The first compliance period, beginning in 2013, was designed to regulate emissions from in-state electricity generation, electricity imports, large industrial facilities, and other stationary emissions sources. The second compliance period, beginning in 2015, expanded to include suppliers of natural gas, diesel, gasoline, and other fossil fuels to in-state users.
Allowance prices have fluctuated between $10.09 and $17.87 per metric ton CO₂ since program launch, raising over $13.1 billion USD for California Climate Investments and $4.1 billion CAD for Quebec’s Green Fund. Both jurisdictions direct these funds largely towards programs that further reduce greenhouse gases and produce other co-benefits.
California achieved their 2020 emissions target 4 years early in 2016, largely due to substantial reductions in electricity sector emissions. As part of California’s Scoping Plans, cap-and-trade was designed as a backstop through 2020, allowing complementary policies such as fuel efficiency standards, energy efficiency, and renewable portfolio standards to drive the majority of emissions reductions.
In 2017, California renewed the program through 2030 with a legislative supermajority. A 2017 updated Scoping Plans anticipates the program to contribute 38% of the reductions needed to achieve a 2030 target of 40% below 2020 levels.

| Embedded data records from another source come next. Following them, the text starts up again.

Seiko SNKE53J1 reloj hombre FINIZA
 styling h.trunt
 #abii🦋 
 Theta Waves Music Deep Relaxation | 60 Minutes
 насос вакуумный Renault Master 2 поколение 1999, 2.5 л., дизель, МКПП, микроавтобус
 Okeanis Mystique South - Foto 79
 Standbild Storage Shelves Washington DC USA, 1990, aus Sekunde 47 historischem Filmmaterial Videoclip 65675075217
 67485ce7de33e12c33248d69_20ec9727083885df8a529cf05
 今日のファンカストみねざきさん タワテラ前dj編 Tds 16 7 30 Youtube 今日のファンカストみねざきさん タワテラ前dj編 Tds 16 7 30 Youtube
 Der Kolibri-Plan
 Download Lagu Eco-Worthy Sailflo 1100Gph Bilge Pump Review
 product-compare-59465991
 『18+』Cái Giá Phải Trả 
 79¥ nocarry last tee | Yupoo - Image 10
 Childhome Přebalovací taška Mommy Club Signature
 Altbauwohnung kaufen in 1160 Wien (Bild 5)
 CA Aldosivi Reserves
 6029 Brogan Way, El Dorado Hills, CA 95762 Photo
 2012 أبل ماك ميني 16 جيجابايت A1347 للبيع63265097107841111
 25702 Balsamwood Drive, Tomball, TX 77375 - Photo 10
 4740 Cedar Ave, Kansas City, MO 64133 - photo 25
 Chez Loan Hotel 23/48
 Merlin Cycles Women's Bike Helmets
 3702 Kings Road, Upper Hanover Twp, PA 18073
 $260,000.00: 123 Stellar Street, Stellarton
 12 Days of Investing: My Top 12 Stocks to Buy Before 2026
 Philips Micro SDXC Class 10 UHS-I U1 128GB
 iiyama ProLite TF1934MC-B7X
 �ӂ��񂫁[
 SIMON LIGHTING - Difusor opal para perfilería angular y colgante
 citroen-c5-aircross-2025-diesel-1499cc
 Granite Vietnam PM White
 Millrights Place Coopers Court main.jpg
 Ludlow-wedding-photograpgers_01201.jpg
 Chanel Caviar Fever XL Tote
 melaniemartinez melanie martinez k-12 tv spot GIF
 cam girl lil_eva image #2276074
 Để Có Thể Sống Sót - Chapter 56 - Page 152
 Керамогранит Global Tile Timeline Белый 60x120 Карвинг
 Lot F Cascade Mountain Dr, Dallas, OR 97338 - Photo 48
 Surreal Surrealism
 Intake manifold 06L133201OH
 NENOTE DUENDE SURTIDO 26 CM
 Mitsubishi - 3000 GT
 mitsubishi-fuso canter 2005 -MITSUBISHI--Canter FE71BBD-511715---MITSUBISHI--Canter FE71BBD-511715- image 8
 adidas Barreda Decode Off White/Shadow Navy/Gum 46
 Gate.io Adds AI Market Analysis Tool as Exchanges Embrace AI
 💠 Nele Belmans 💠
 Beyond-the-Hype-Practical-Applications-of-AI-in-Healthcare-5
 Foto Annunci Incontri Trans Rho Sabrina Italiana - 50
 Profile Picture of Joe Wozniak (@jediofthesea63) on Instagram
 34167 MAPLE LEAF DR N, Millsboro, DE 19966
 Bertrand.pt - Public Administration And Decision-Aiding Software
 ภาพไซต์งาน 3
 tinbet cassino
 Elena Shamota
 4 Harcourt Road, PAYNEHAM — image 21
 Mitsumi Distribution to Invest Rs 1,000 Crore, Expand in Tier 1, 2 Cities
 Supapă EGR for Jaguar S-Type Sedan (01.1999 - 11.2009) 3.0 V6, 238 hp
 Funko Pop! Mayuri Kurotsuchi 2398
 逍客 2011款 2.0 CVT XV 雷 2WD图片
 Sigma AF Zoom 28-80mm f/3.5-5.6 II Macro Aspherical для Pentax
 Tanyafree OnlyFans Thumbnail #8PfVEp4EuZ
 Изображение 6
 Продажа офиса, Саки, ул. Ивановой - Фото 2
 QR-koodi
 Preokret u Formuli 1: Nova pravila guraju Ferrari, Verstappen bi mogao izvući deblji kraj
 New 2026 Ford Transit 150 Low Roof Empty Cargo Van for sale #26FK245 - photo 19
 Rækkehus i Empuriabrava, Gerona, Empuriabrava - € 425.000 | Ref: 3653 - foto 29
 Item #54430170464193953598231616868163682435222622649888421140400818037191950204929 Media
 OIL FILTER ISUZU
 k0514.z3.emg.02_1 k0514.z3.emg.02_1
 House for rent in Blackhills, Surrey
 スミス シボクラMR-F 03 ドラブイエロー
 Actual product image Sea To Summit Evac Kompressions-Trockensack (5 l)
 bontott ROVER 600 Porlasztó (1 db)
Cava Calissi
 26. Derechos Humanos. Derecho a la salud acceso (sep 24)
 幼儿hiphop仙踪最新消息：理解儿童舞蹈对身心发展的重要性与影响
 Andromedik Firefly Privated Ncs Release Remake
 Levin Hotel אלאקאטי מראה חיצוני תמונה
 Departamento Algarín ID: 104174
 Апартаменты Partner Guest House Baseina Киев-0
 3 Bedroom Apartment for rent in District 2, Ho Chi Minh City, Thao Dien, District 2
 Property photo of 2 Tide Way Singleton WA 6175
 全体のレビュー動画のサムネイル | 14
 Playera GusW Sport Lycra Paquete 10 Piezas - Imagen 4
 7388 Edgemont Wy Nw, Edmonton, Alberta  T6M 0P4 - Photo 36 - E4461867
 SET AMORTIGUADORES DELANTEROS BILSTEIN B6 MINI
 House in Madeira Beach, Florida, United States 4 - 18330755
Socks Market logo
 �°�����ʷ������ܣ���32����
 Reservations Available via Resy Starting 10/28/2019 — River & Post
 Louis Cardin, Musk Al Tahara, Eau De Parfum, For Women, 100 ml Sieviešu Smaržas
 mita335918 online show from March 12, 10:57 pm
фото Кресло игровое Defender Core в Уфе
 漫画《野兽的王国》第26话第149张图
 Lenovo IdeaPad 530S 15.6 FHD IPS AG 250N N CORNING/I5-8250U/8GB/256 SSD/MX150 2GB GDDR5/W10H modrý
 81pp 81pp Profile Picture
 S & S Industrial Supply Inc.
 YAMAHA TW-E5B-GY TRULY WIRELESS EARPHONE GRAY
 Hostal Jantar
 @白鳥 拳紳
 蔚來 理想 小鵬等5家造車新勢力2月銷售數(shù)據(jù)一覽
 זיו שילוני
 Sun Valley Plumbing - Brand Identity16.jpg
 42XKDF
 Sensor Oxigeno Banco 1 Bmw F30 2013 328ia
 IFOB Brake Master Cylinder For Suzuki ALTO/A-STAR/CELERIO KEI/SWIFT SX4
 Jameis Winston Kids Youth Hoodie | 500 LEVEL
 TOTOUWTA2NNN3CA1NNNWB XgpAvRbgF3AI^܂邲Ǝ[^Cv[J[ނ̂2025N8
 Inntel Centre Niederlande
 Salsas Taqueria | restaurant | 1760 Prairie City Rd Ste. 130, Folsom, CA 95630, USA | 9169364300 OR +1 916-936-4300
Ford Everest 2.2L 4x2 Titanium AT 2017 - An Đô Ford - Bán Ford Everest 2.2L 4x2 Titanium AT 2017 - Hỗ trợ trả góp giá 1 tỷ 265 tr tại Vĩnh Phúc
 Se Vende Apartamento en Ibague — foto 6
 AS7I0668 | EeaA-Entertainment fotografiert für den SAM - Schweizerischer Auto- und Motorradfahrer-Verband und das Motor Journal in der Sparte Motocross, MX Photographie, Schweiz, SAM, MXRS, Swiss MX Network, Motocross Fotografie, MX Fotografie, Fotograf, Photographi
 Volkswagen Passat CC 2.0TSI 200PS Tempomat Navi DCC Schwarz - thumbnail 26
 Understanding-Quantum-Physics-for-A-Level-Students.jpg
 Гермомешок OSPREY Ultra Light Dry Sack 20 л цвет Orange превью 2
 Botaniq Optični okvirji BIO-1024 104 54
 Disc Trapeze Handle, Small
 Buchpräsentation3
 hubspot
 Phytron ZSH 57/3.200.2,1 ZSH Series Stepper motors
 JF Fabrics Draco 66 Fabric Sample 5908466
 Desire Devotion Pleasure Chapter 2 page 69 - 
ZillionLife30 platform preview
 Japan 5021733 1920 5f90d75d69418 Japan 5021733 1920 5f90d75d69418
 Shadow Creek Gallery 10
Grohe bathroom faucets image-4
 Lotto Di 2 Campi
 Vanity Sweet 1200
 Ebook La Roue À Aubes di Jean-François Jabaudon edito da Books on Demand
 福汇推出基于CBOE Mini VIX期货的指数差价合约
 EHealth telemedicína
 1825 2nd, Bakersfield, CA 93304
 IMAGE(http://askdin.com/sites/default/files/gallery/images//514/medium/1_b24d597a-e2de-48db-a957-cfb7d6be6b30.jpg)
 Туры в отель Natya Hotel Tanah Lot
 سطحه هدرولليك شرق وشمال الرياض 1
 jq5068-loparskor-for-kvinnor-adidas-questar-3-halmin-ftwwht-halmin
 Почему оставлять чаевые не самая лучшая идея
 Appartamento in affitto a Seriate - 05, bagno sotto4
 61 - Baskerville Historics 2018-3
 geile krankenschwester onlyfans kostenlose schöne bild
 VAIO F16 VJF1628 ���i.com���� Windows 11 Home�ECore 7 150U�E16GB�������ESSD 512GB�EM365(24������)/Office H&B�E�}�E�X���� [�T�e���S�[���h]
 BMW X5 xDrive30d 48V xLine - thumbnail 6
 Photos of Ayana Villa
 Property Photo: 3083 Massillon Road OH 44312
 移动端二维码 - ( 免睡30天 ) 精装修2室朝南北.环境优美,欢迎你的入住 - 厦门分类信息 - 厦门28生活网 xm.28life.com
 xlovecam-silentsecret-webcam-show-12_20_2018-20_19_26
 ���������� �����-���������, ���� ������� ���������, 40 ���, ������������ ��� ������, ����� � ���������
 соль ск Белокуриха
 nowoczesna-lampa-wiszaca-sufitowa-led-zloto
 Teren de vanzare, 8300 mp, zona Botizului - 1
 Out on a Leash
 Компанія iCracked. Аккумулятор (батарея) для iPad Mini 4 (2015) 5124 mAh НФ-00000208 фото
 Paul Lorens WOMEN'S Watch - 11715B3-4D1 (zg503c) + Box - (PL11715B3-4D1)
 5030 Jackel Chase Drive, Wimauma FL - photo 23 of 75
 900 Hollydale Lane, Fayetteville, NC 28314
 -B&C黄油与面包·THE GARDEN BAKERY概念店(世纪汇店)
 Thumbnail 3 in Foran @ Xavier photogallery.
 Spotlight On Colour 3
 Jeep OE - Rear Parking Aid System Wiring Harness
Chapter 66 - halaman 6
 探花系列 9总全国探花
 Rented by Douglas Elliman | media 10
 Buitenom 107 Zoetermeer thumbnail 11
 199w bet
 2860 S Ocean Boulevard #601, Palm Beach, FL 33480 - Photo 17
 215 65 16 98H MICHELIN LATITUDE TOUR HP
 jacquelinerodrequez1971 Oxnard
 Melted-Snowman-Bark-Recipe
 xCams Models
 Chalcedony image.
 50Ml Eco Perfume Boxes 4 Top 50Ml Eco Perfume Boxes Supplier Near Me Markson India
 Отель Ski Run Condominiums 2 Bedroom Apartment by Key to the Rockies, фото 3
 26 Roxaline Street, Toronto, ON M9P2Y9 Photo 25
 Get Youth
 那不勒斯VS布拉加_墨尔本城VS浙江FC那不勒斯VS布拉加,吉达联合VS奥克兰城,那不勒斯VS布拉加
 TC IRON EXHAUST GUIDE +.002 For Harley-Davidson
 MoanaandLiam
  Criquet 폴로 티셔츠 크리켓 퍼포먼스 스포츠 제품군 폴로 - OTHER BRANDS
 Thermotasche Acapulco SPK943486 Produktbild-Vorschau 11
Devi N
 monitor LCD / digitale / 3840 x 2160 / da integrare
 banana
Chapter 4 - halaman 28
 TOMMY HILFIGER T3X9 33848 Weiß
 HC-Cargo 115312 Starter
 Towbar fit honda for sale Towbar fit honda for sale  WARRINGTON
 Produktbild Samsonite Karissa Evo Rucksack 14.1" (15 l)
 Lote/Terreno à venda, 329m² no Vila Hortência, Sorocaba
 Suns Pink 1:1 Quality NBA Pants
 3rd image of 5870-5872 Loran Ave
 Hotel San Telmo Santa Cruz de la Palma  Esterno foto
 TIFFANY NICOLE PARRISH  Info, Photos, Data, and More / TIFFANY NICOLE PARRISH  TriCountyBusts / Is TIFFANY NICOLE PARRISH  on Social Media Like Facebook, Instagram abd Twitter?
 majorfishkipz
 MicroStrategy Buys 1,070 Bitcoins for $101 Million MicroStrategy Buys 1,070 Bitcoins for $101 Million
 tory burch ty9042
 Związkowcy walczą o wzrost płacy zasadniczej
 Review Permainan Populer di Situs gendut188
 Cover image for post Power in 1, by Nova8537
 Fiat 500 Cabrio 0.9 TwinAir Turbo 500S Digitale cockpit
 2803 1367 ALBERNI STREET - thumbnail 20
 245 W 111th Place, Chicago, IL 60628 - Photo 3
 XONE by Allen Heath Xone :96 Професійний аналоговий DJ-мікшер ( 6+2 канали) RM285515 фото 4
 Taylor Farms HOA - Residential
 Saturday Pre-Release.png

WCI was first created in 2007, when the governors of Arizona, California, New Mexico, Oregon, and Washington signed the Western Regional Climate Action Initiative. By 2008, Montana and Utah joined the initiative, as well as the Canadian provinces British Columbia, Manitoba, Ontario and Quebec. Additional observers included Alaska, Idaho, Wyoming, Nevada, Colorado, and Kansas; the Canadian province of Saskatchewan, and the Mexican states Baja California, Chihuahua, Coahulia, Nuevo Leon, Sonora, and Tamaulipas.
The initiative aimed to collectively reduce regional emissions to 15% below 2005 levels by 2020, with a regional economy-wide cap-and-trade program as the centerpiece. The WCI also requires that states adopt GHG emission reduction targets, and implement an action plan with complementary policies to achieve these goals. States were also required to adopt California’s vehicle greenhouse gas emissions standards, and be a part of the Climate Registry, an organization that helps to measure and report greenhouse gas emissions.
By November 2011, due to the recession, changes in state leadership, and unsupportive legislatures, New Mexico, Arizona, Washington, Oregon, Montana, and Utah all formally declined to participate in WCI, leaving Canada and four Canadian provinces as the remaining participants. California and Quebec followed through with a linked cap-and-trade program in 2013. In 2017, Ontario linked cap-and-trade programs with California and Quebec, but ended the program in July 2018 following a change in executive leadership.